• WHAT YOU ARE ASKED TO DO
Among the lines below, copy exactly those from the one with "Das Auge und" through the one with "Деталь LEGO 4740", counting both ends.

• GIVEN INFORMATION
◇ ◇ ◇ ◇ ◇
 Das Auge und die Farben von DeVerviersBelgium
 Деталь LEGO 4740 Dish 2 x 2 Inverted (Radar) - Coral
◇ ◇ ◇ ◇ ◇
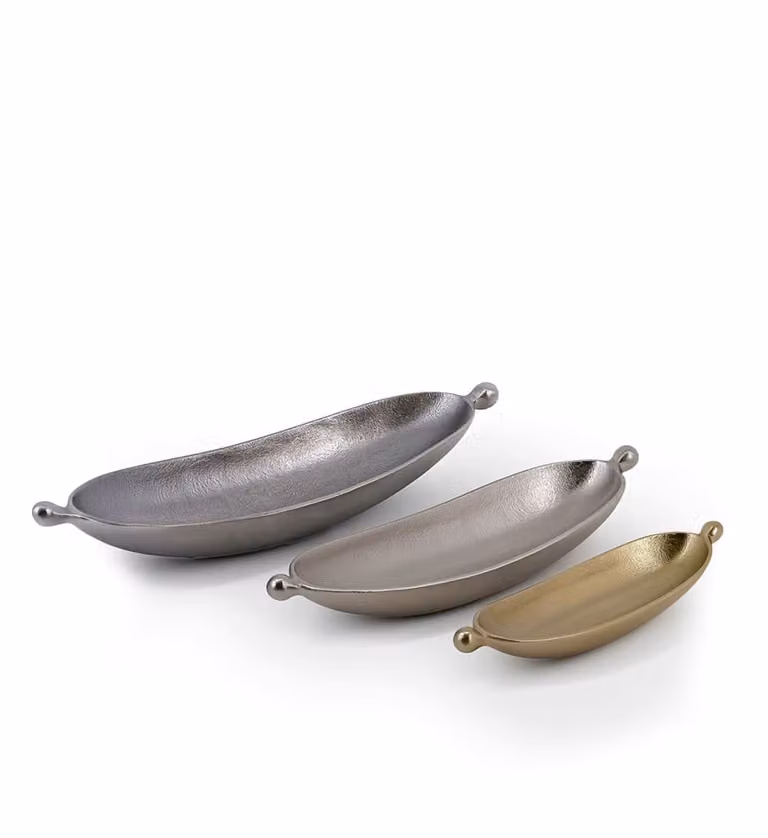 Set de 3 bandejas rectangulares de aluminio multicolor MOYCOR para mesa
◇ ◇ ◇ ◇ ◇
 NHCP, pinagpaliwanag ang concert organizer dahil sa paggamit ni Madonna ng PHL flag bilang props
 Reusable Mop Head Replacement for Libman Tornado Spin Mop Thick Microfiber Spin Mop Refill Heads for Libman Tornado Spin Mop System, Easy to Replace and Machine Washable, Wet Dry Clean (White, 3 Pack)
◇ ◇ ◇ ◇ ◇
• EXERCISE SOLUTION
 Das Auge und die Farben von DeVerviersBelgium
 Деталь LEGO 4740 Dish 2 x 2 Inverted (Radar) - Coral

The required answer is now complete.